Bis zu 2000 Dollar für die Überfahrt
Nach Angaben der Internationalen Organisation für Migration (IOM) kassieren Schleuser von den Flüchtlingen pro Kopf zwischen 1000 und 2000 Dollar (830 bis 1650 Euro) für die Überfahrt. Menschenschmuggler setzten in jüngster Zeit verstärkt auf große Frachtschiffe statt kleiner Boote, um Migranten heimlich nach Europa zu bringen, sagte ein IOM-Sprecher. Auf diese Weise könnten sie ihre Gewinne maximieren. Zudem sind die Bedingungen im Mittelmeer in den Wintermonaten zu rau, um Schlauchbooten oder Kuttern die Überfahrt zu wagen.
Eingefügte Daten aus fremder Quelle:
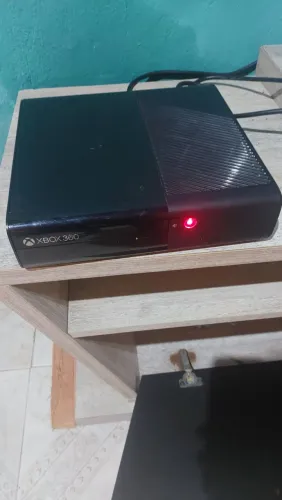 Vende-se Xbox 360 com Luz vermelha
Das UN-Flüchtlingshilfswerk UNHCR drängte die Regierungen der EU zu einer gemeinsamen Anstrengung, "um Menschen im Meer zu retten und legale Alternativen zu gefährlichen Reise über das Mittelmeer zu bieten". Die EU-Innenpolitikerin Monika Hohlmeier forderte EU-Innenkommissar Dimitris Avramopoulos auf, "schnellstmöglich eine Sicherheitsstrategie zur Bekämpfung des internationalen Menschenhandels" zu präsentieren. In den vergangenen 14 Monaten sind mehr als 170.000 illegale Einwanderer an den italienischen Küsten gelandet, die meisten kamen aus Syrien und Eritrea. Mindestens 3400 Flüchtlinge ertranken nach UN-Angaben 2014 im Mittelmeer. Experten gehen von einer sehr viel höheren Dunkelziffer aus.